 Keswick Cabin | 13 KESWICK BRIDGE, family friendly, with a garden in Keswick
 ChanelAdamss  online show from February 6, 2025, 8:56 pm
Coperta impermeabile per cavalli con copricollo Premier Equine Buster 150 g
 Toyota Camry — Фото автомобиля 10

...

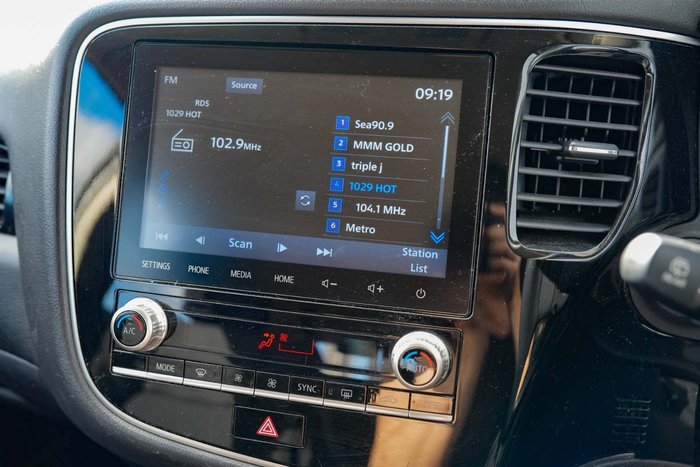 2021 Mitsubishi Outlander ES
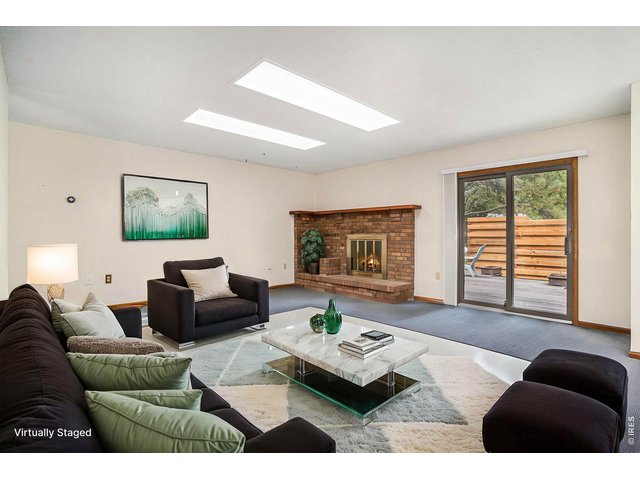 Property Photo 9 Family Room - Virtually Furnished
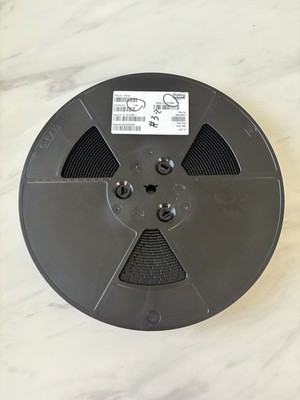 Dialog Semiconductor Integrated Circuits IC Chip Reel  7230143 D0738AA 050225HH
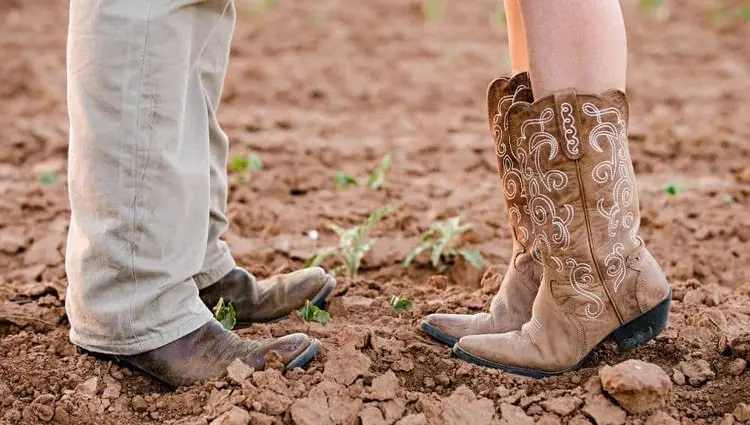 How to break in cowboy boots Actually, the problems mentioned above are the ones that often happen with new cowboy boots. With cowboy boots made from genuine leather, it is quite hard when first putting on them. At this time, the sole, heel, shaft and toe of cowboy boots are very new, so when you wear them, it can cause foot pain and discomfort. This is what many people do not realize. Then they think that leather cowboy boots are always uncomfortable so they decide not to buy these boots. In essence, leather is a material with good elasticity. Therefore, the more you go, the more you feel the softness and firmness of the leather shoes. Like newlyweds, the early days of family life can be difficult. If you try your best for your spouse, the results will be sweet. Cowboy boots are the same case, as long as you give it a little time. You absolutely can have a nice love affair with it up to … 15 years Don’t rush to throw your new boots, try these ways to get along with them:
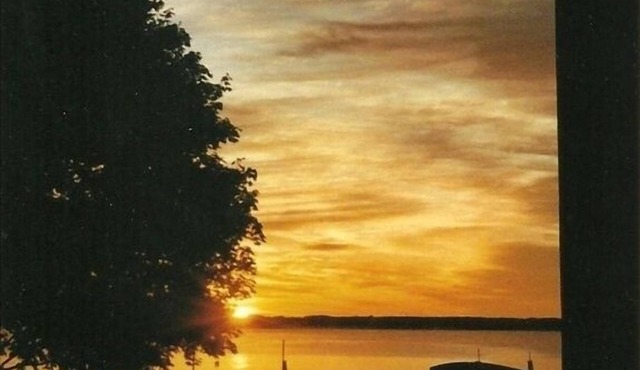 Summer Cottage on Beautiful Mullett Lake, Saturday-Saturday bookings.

---

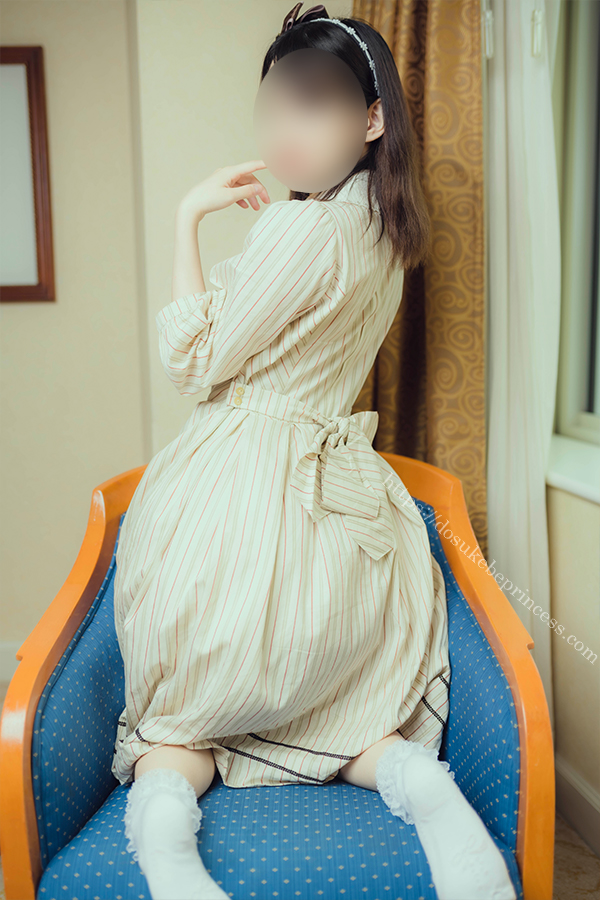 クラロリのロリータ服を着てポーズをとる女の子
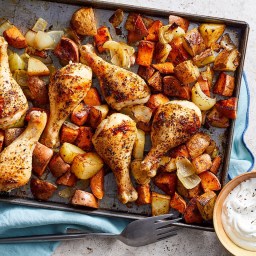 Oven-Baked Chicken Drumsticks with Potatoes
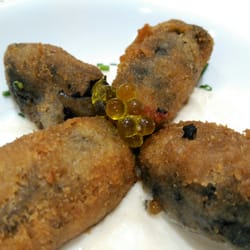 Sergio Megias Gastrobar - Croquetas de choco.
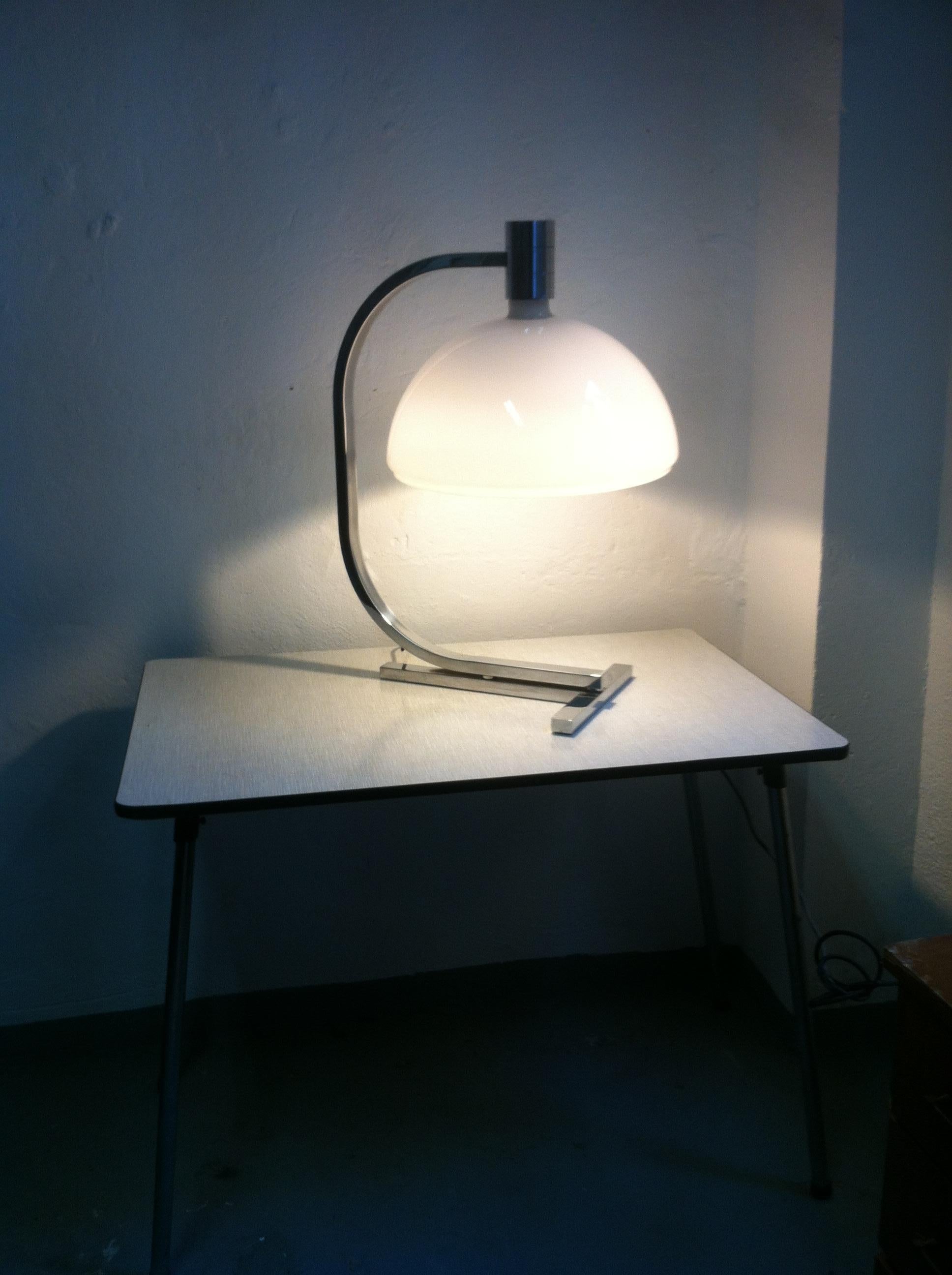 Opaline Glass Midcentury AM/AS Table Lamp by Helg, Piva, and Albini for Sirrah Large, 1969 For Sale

— INSTRUCTIONS FOR THE TASK —
Leaving out the pictures, please output the lines in the entries above from the one with "2021 Mitsubishi Outlander ES" through the one with "Dialog Semiconductor Integrated", exactly as they are.

— ANSWER TO THE EXERCISE —
 2021 Mitsubishi Outlander ES
 Property Photo 9 Family Room - Virtually Furnished
 Dialog Semiconductor Integrated Circuits IC Chip Reel  7230143 D0738AA 050225HH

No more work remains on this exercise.